Fortunately the characters make up for it. Adenine herself is a round and fully developed 13 year old and entirely believable in that role. Similarly, her broken mother, her Doctor, and her friend/Dr’s assistant, are all given opportunities to develop and be explained. Each of them has a unique personality and, more than that, are given opportunities to screw up/make significant mistakes that Adenine is able to pick up on that first alert the reader/Adenine that something funny is going on. These hints all cascade around you and when the puzzle finally breaks your brain goes AH! and wants to re-scan it to see if it was really set up that far back. You’re even more satisfied when it turns out that “Yes, yes it was.”

The characters are the selling point here, and the major tool that the author uses to engage the reader. There are some graphic scenes and some parts that are a bit scary (13+ please, at the minimum) but, on the whole, this is an enjoyable piece of fiction/literature that you should enjoy especially at the ‘free’ price it is currently listed.

NOTE: This story is also available in a pair of bundles linked at the end of this review.

Characters – 5/5
Plot: 4/5
Action: 3/5
Value: 5/5
Writing: 4/5
Total Rating: 3.95/5

Click HERE to buy it as a part of the EPIC Bundle (14 Fantasy Novels for $.99)

Click HERE to buy it as a part of the Healers of Meligna Boxed Set ($5.99)

White Tower

Click HERE to buy The White Tower from Amazon.com!

I bought the paperback version of this novel from a local vendor (sorry Amazon. I love my little stores too) and finally had a chance to sit down and read it. On the whole, this is a good story with a lot of fun elements to it.

The story opens in a classic fantasy opening with Damion being tasked by his father with a quest that, at 11 years old, he doesn’t really understand. However, that there is terror and Dad involved, he commits to the promise of delivering ‘The Key’ to the White Tower.

Jump forward and Damion is now a young man working on a farm when his promise to his father comes back to his mind, setting him off on a quest to finish what it was he was supposed to have done more than a decade ago. Unfortunately, things don’t go especially smoothly as a number of complications arise. For one thing, the farmer’s daughter has a son who decides to follow Damion. For another, he has absolutely no idea where the White Tower is. Add on to that a rather sinister figure hunting for him and a little bit of young adult attraction and you have all of the elements of an excellent story popping up.

Damion is an interesting and fairly well developed character, especially for a premier novel. Some of the ‘first’ books that I read on my Kindle forget that ‘first’ is often ‘last’ and will forget to have an identifiable protagonist. Not so in The White Tower. Damion is a pretty well rounded character who reminds me, more than anything else, of Peter Parker – he is determined but flawed with a great deal of heart and concern for others. He’s not an excellent swordsman or a lone-wolf adventurer; he is an every man with the flaws that entails. And those flaws do actually matter – the cost him opportunities and respect in many cases when he meets someone with a greater skill set than his own. Damion recognizes that and works with what he has. His determination to ‘always keep his promises’ is noble, but also comes in to conflict with the story as well and creates for some good character dynamics.

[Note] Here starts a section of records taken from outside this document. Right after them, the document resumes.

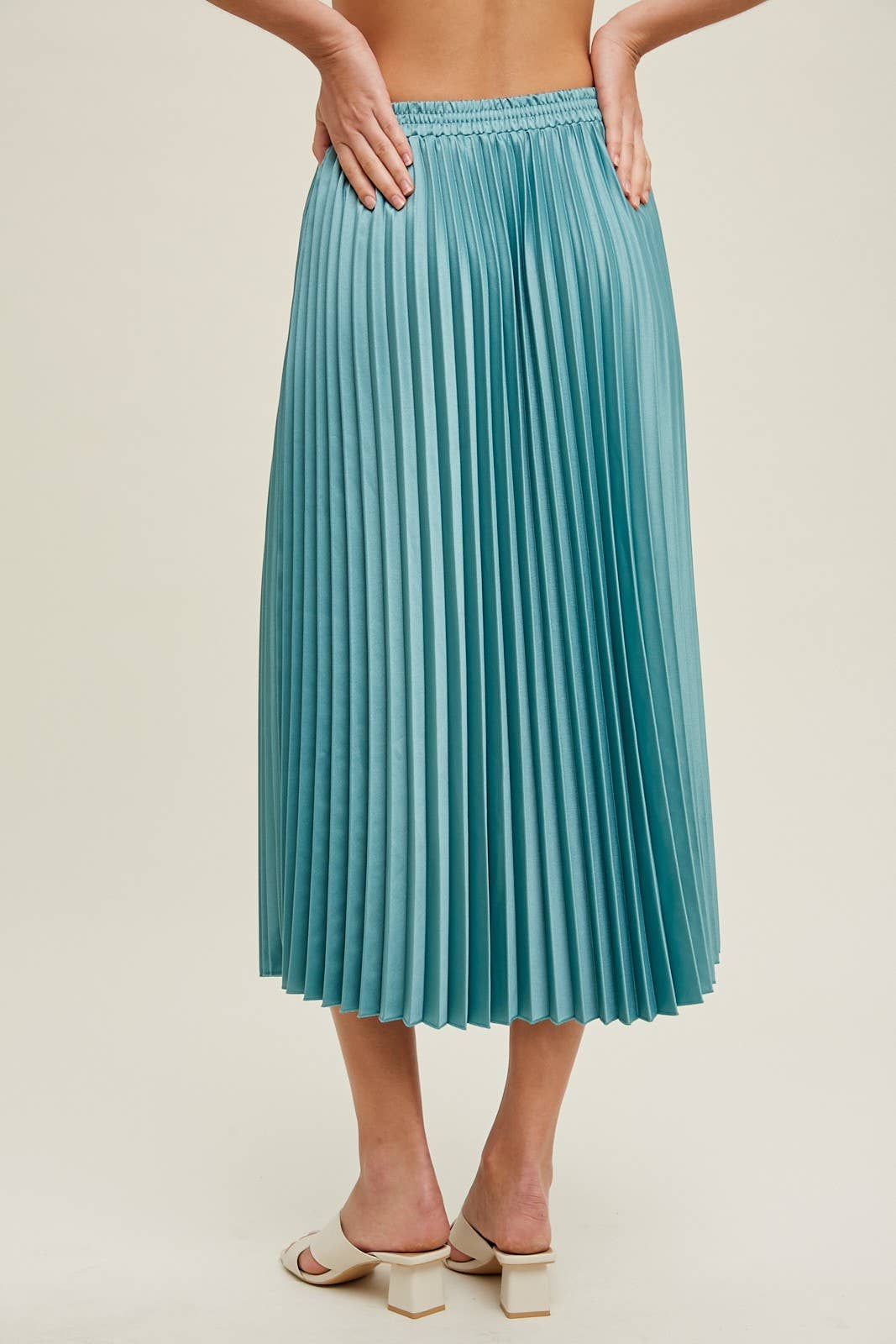 Laguna Satin Pleated Midi Skirt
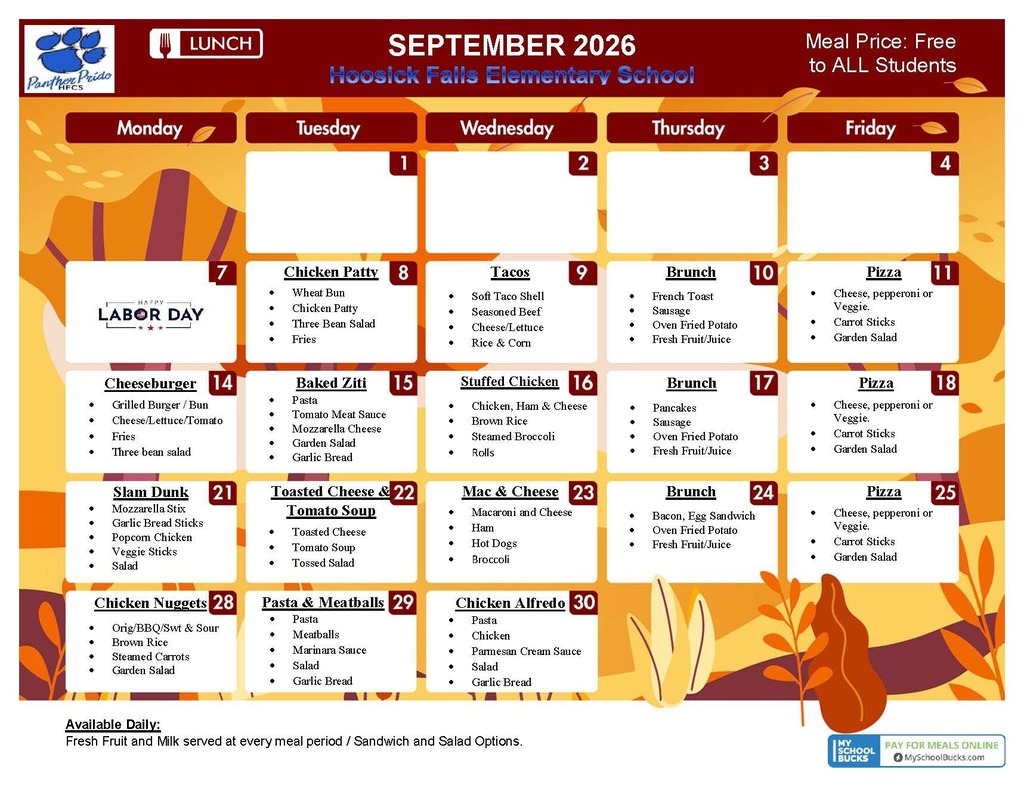 🥗🌮Here are the school menus for September! 🍎🍕As a reminder, the Hoosick Falls Central School District is continuing to offer FREE BREAKFAST AND LUNCH MEALS for all students for the 2026-2027 school year. (Students must take the complete meal, and this does not include any extra items such as snacks, chips, ice cream, drinks, extra pizza slices, etc.) For more information, please visit our cafeteria page: https://www.hoosickfallscsd.org/o/hfcsd/page/cafeteria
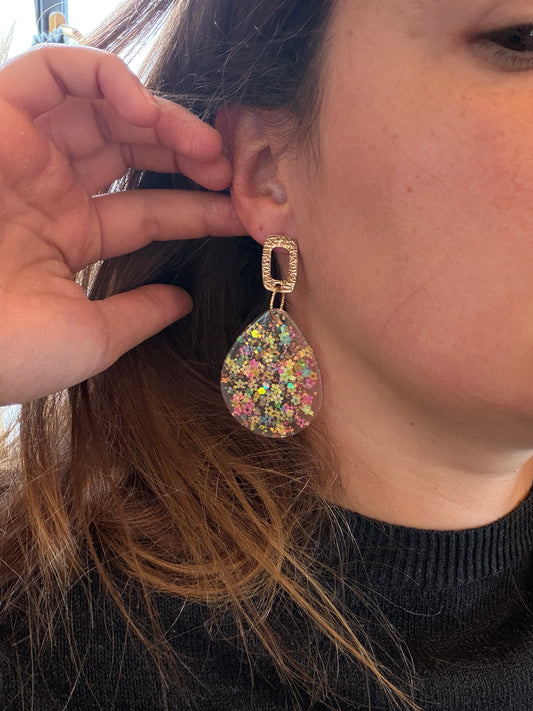 Boucles d'oreille en résine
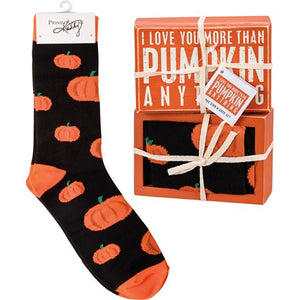 More Than Pumpkin Socks & Box Sign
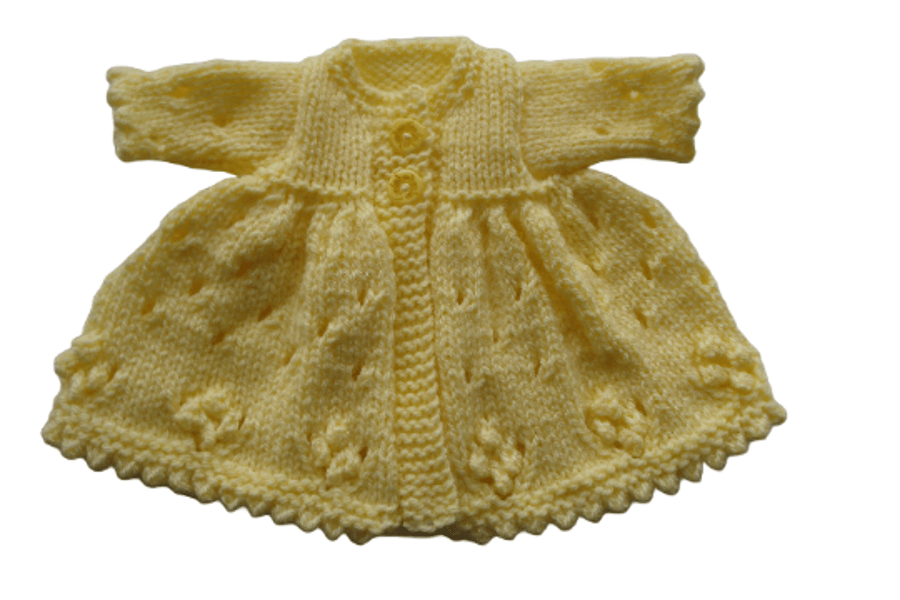Hand Knitted Yellow Cardigan For Doll Or Prem Baby (A19)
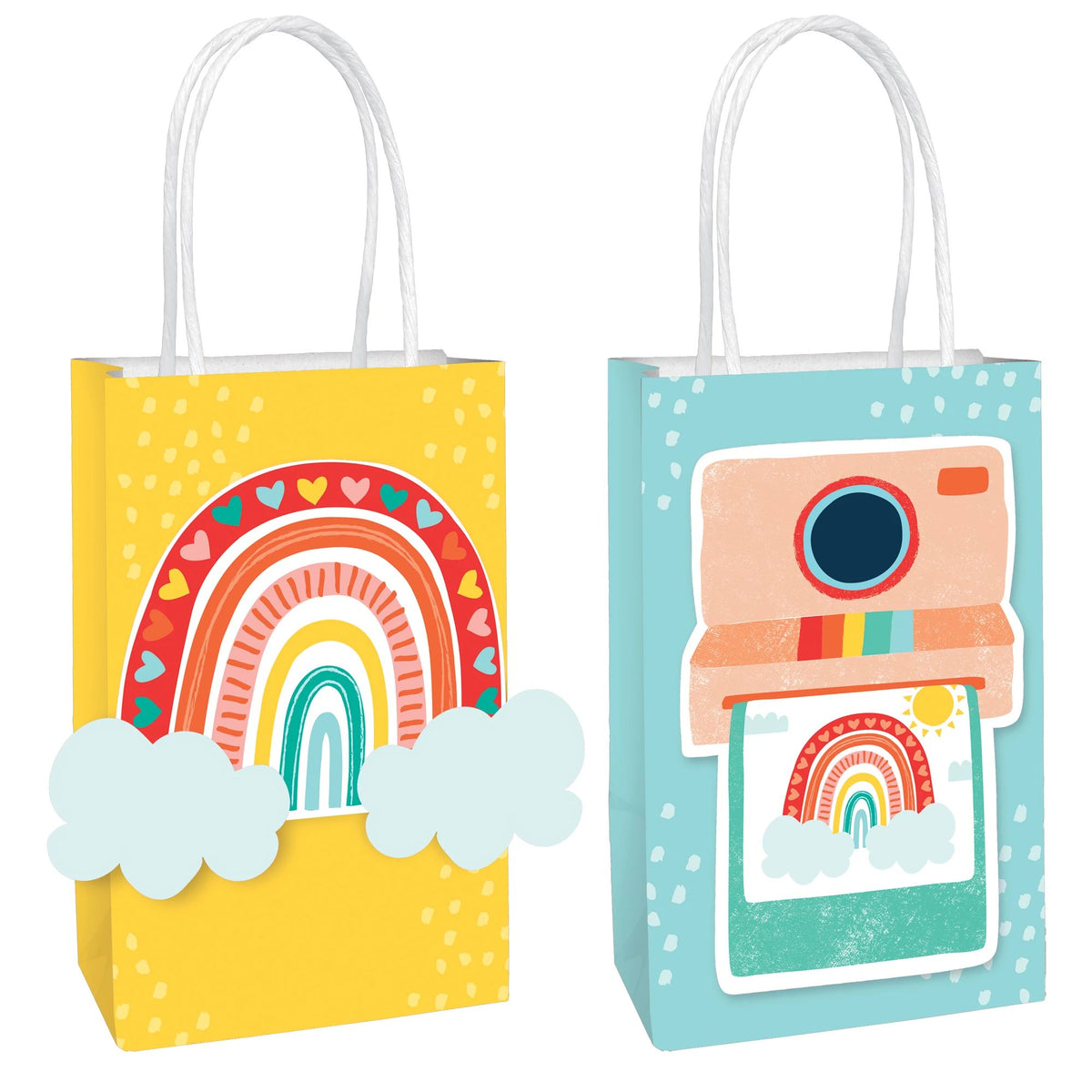 Retro Rainbow Kraft Gift Bags, Yellow/Blue, 8-inch, 8-pk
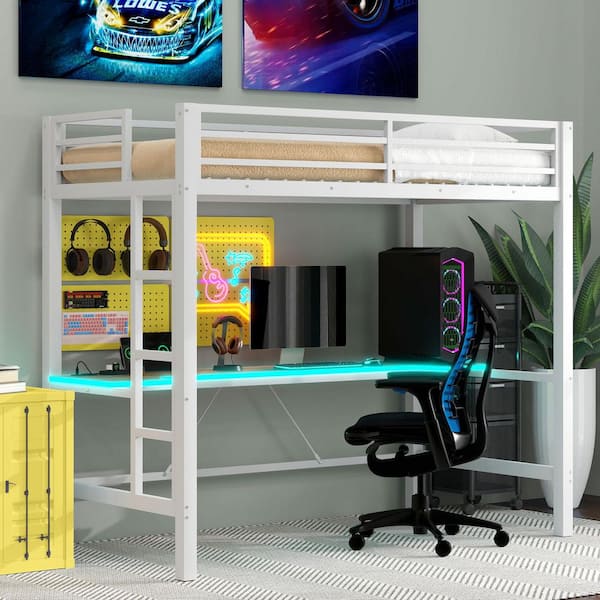 White Twin Size Gaming Metal Loft Bed with LED Light and Desk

The secondary cast, on the other hand, is a bit less rounded. The Princess and her bodyguard are memorable, but not as well developed as our protagonist. She reminds me far too much of Princess Leia in ‘A New Hope’ when Luke and Han show up and she doesn’t really move on from that state very well. There are some moments of character development, but they feel a bit forced to me. Our main antagonist (I won’t spoil the book with specific names here because it is somewhat important to the plot) is similarly evil. How do we know he is evil? Well, he uses mind control and crushes windpipes right at the get go and only gets worse from there. So, he is easily identifiable as evil and we know not to like him.

The world, on the other hand, is very well developed. It appears to be a sort of post apocalypse world. There are instances of the old world occasionally – broken down roads, some bits and pieces of electricity, even a minor villain named Holland – to hint at the fact that *something* happened in the past that resulted in the downfall of humanity that has left us in a sort of lurch. There are hints and some good revelations in the story (again, I try not to do plot spoilers in reviews) but that really only deals with the layout. The culture and societies all have unique elements and interact believably. There is a lot of the depth to this world and I look forward to reading the sequel.

Given the ending, I am assuming a sequel at least.

On the whole, this was a fun read. I strongly encourage readers to pick up a copy of ‘The White Tower’ for an excellent Holiday read. 🙂

Characters – 3.5/5
Plot: 4/5
Action: 4/5
Value: 4/5
Writing: 4/5
Total Rating: 3.95/5

Book Review – Blades of Magic (Crown Service #1)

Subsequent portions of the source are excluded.